■ **Work to be completed**
Word for word, repeat the data that follows. Do not include the pictures.

■ **Dataset extract**

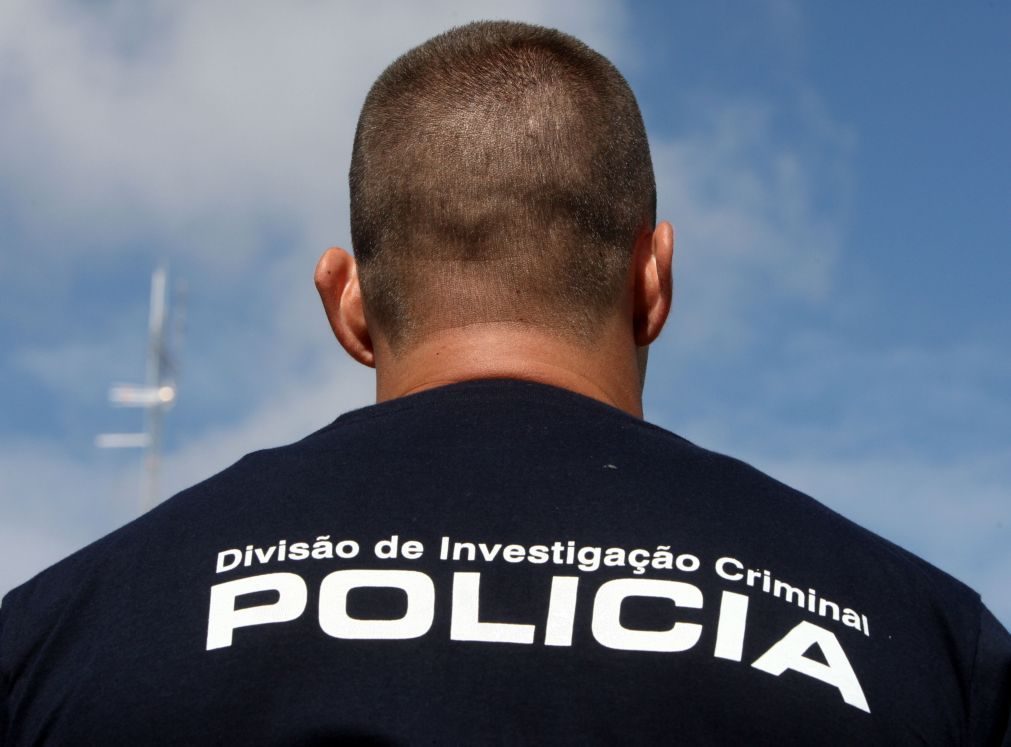 Agente da PSP acusado de torturar imigrante tresandava a álcool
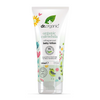Dr Organic Organic Calendula Unfragranced Baby Lotion 200ml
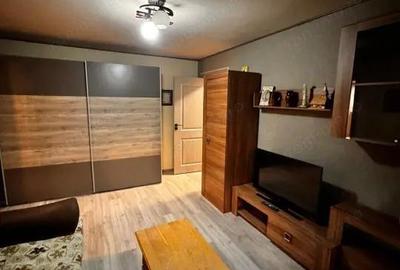 Apartament cu 2 camere semidecomandat, mobilat în Central - 6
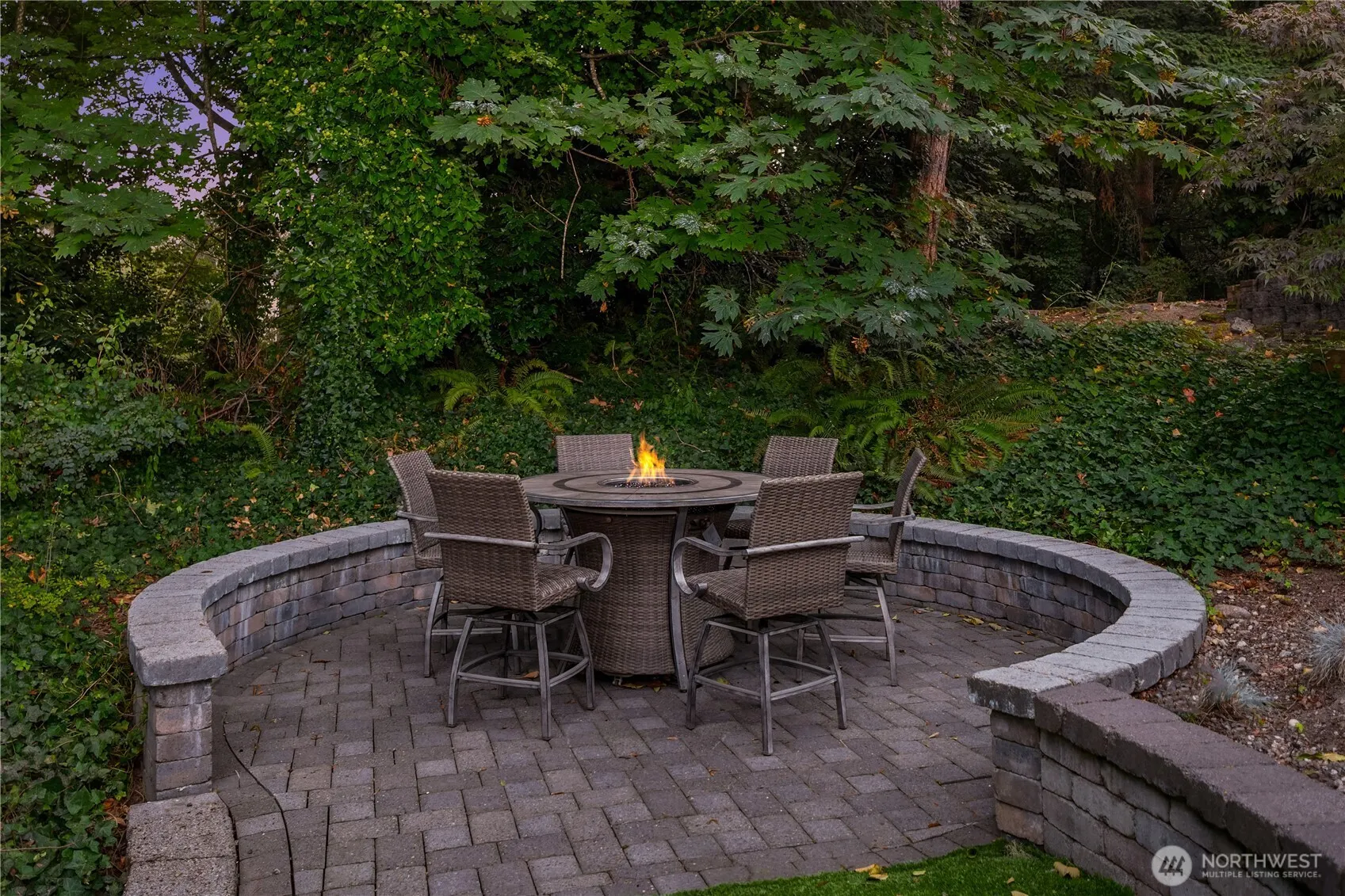 9411 NE 139th Street , Kirkland, WA 98034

■ **Written solution**
 Agente da PSP acusado de torturar imigrante tresandava a álcool
Dr Organic Organic Calendula Unfragranced Baby Lotion 200ml
 Apartament cu 2 camere semidecomandat, mobilat în Central - 6
 9411 NE 139th Street , Kirkland, WA 98034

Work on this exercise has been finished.